La mer est ton miroir ; tu contemples ton âme
Le poète avec un art consommé donne à son vers la structure d’un miroir où l’âme et la mer se reflètent.
Rappelons les derniers vers de La Musique :
…D’autres fois, calme plat, grand miroir
De mon désespoir !
Et dans L’Héautontimoroumênos :
Je suis le sinistre miroir
Où la mégère se regarde.
Ici, comme dans L’Irrémédiable : le poète s'identifie avec le miroir, en un tête-à-tête diabolique d'où il ne sortira plus :
Tête-à-tête sombre et limpide
Qu'un cœur devenu son miroir !
Puits de Vérité, clair et noir,
Où tremble une étoile livide,
Le poème en prose Le Miroir atteste de l’importance de ce thème chez Baudelaire.
De même on trouverait de nombreuses occurrences du miroir chez Verlaine, Mallarmé, Victor Hugo.
Alors, on pourrait s’étonner que le mot miroir soit un hapax dans l’oeuvre de Rimbaud.
Sauf erreur on ne le trouve qu’une fois dans Mémoire ( ou Famille maudite) sous la forme d’un terne miroir :
au midi prompte son terne miroir, jalouse
au ciel gris de chaleur la Sphère rose et chère
Cette singularité de Rimbaud a-t-elle une explication ?
Sans doute Madame Rimbaud possédait dans sa maison des miroirs. Arthur pouvait ainsi s’observer tous le matins devant sa glace.
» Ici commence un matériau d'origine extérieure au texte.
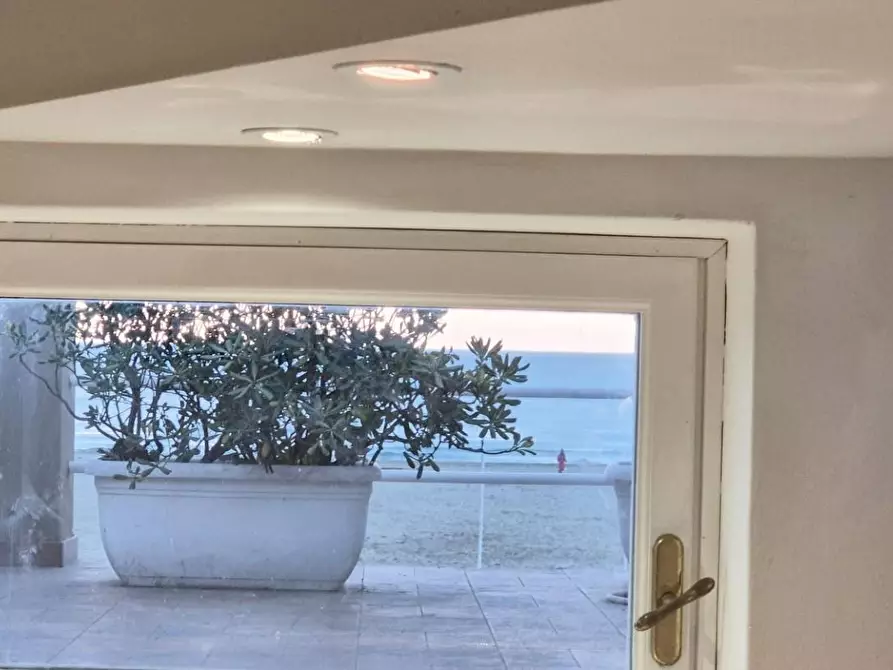 Immagine 69 di Mansarda in vendita  a Viareggio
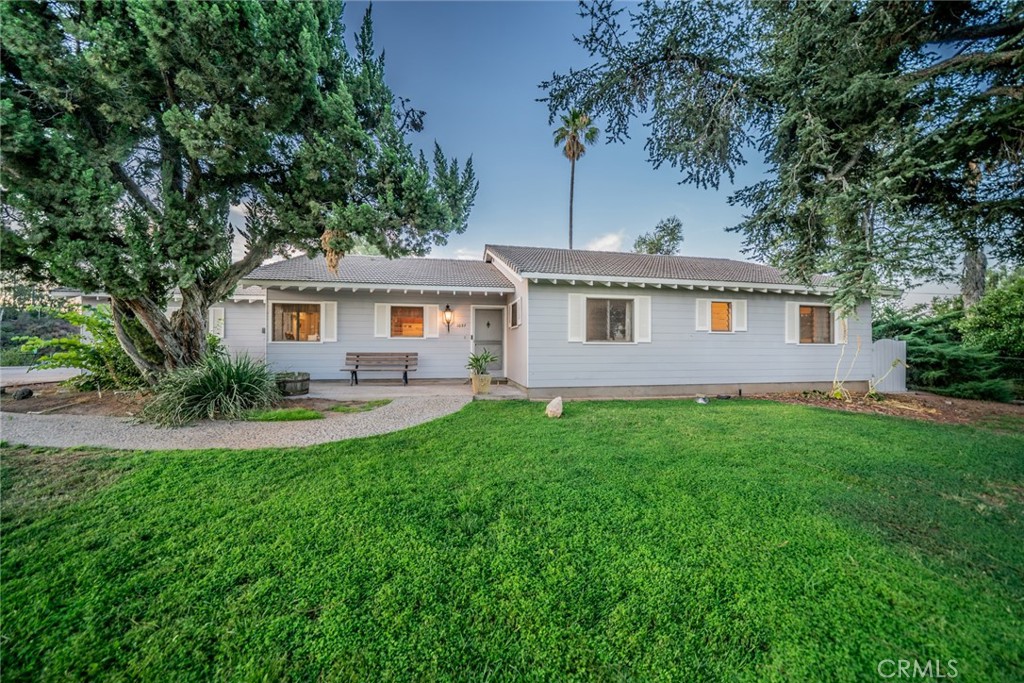 1037 W Sunset Drive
L’image de son « moi » dans un miroir révélait une image qui est celle d’un autre et qui a pu inspirer le fameux « Je est un autre ».
Mais pourquoi le miroir serait terne ?
Rimbaud craignait-il de voir son image qui se modifiait de 1869 à 1872 ?
Laissons pour l’instant ses interrogations auquel un critique pourra un jour répondre.